Is it normal? How can we check whether the rebalancing is making progress, given that the status is not showing details

Replication health - unknown
Moving data - unknown
Sum of key-value sizes - unknown
Disk space used - 32.869 TB

What do the trace logs say the IO error is? I don’t remember what happens if the disks get completely full, but if that has happened and these processes are solely responsible for at least some of your data, it may be necessary to delete other files on these disks or move the data to larger disks so that they can recover.

Given that you have the 2-region setup though, you should have all of your data in the first region, and maybe dropping the second region as you suggest is a good way to go.

I fixed the issue by removing nodes/pods that had higher than 95% disk usage. After the last such node was removed, FDB became healthy almost instantly.

It looks like that FDB sets up a threshold of 95% disk usage internally. When that threshold is crossed with any node in the cluster, FDB “limits/suspends” itself, and becomes unresponsive (in our case, the cluster was not usable by apps).

This is unexpected. This is like any node in the cluster can become a single point of failure for the cluster in terms of usability.

Can you check with the FDB dev team how the cluster is supposed to behave in such a case in v6.2.11? Has the behavior changed in a later patch or version?

Similar question: has the behavior of having some nodes getting really high disk usage changed since v6.2.11?

Thank you.

I would not look at that as single point of failure, but it is a safe guard. Not just FDB, but for any database if the disk is full database can get into very bad state depending when exactly disk becomes full.

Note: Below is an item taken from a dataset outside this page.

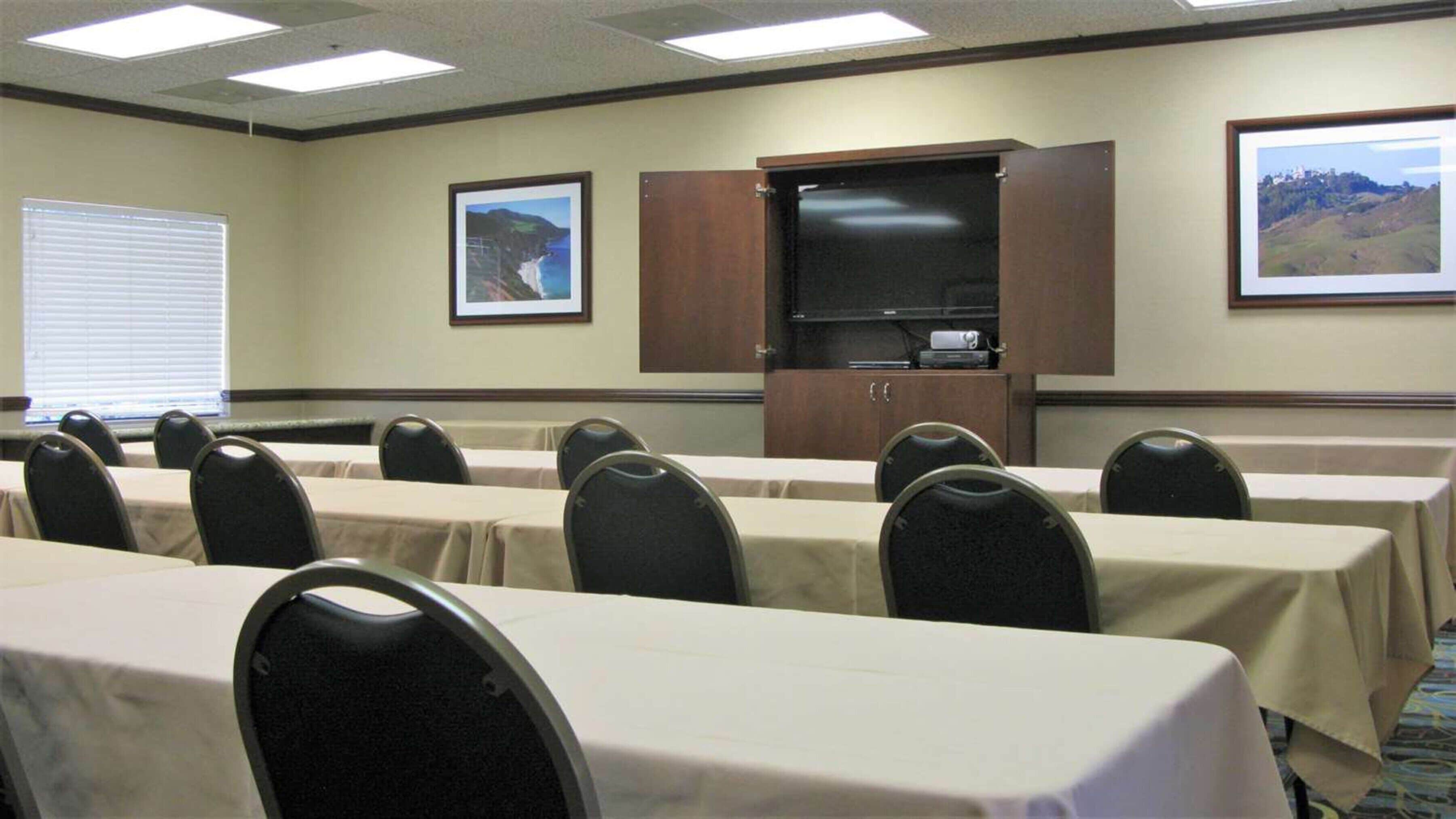 meeting facility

If any node reached 95%, then cluster is in a very bad state. Database has two options at this point

  • Continue to accept requests until disk is 100% full and risk getting into a unrecoverable state
  • Stop accepting client requests causing outage, but protect the database to give chance to DBAs to recover the cluster

FDB chooses later.

Ideally, DBAs should have some alerts to notify disk getting full much sooner than 95%, to avoid this situation.

1 Like

Another option is for data-distributor to take available disk in account and move away shards from the node that is more full than some accepted threshold. Systems like HDFS have this behavior.

Good point.

However, data distributor should be doing that (balancing across all nodes) all the time not just when nodes are very full. If we get to this place then something is wrong with data distributor and it didn’t make correct decisions. Fixes in 6.215-6.2.20 should help with that behavior.

I think one of the fix was along the lines, what you suggested. IIRC, fix was a scheme when a server crosses a threshold, data distributor stops using teams with that server as destination. Evan would know details better.

Yes, this is one of the fixes I was talking about since 6.2.11, it avoids putting data on processes that are getting full and are also fuller than other processes.

I’m glad doing this worked. I think it’s a lighter weight variant of dropping the whole region, so it was a good choice. I think what happens in this case is that removing all of the processes may have (but not necessarily) eliminated all copies of some data in the region, in which case it should re-replicate from the other region.

If you were only running one region, a possible outcome of this procedure could have been that all copies of some data had been taken offline. In that case, status should at least report that fact to you, so you would know that you need to find a way to get at least some of the processes back.